VULCÃO AMEAÇA EXPLODIR ESPETACULARMENTE EM BALI E PODE MITIGAR TEMPORARIAMENTE O AQUECIMENTO GLOBAL
Na Indonésia, o vulcão Mount Agung vem há meses brincando de explodo-não-explodo, provocando muitos terremotos e emitindo cinzas ocasionalmente. A coisa ficou feia no último fim de semana, quando uma grande nuvem de cinzas se elevou a 10 mil metros e a lava abriu caminho para a superfície. Cientistas tentam prever se esta erupção é precursora de algo no nível da erupção de 1963, que matou mil pessoas. Por via das dúvidas, o Centro Indonésio de Vulcanologia e Mitigação de Riscos Geológicos elevou o nível de alerta para o vermelho, o mais alto, e evacuou mais de 75 mil pessoas que vivem à sombra do vulcão.
Se a situação evoluir para uma grande erupção, os efeitos sobre o clima podem ser importantes.

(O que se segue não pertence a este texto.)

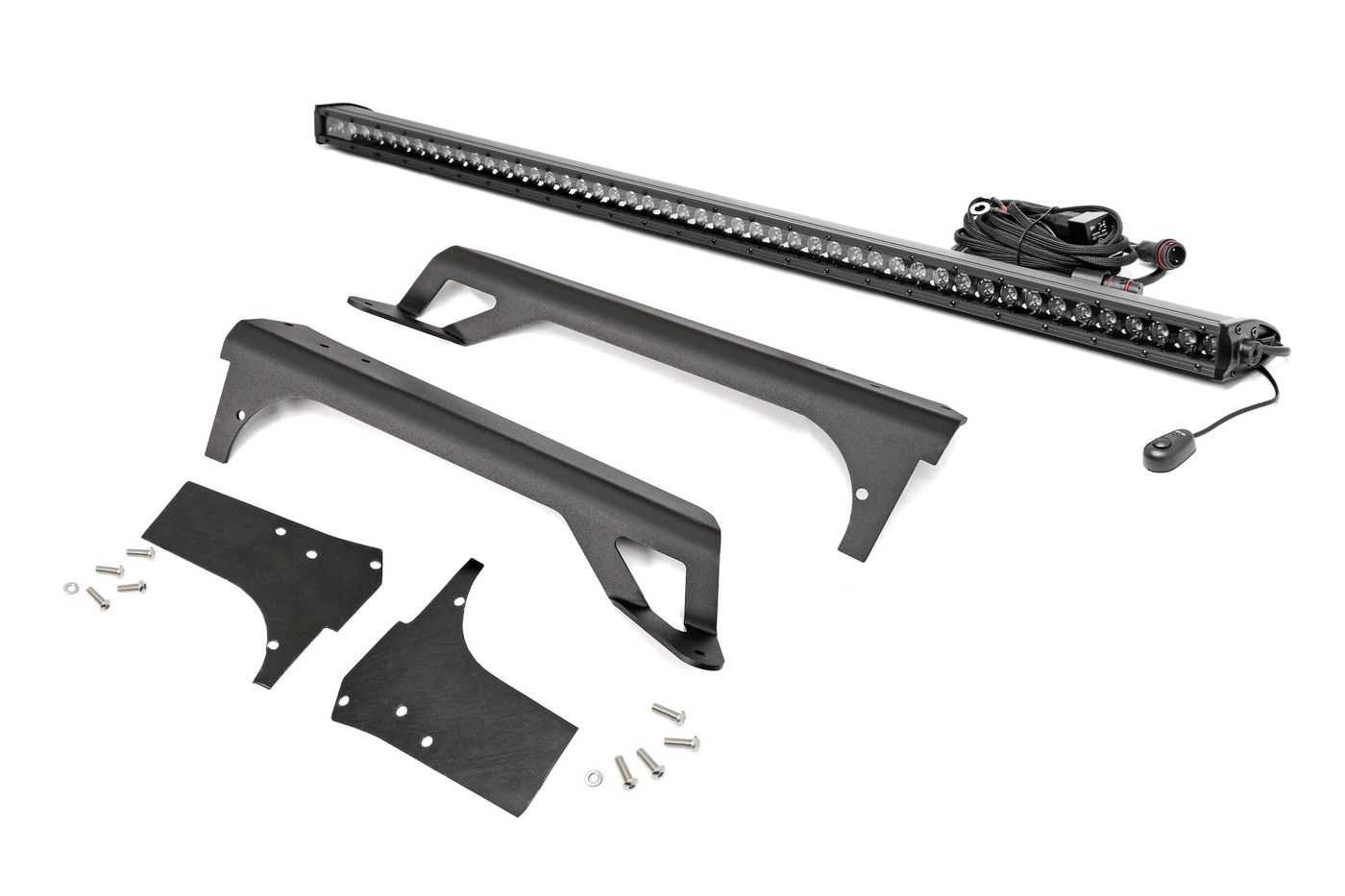 Rough Country LED Light Kit | Windshield Mount | 50" Black Single Row | Jeep Wrangler TJ (97-06)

Além dos efeitos locais, pequenas partículas de dióxido de enxofre (SO2) podem permanecer na estratosfera, lá refletindo a luz solar de volta ao espaço e esfriando o clima por alguns anos, antes de caírem de volta à Terra.
O climatologista Zeke Hausfather, da Universidade da Califórnia em Berkeley, analisou o que significaria uma erupção similar à de 1963 para a temperatura média global. Ele concluiu que o planeta provavelmente arrefeceria entre 0,1 a 0,2oC, com o período máximo de “frescor” acontecendo em 2019. Claro, que o “frescor” é relativo. Para Hausfather, 2019 seria o mais fresco dos anos pós-erupção do Agung, mas ainda seria um dos cinco anos mais quentes já registrados. Isso porque o SO2 da possível erupção teria sua influência superada pelo aquecimento provocado pelo CO2 que os seres humanos vêm adicionando à atmosfera.
É como colocar um cubo de gelo em uma panela de água fervente sobre o fogão.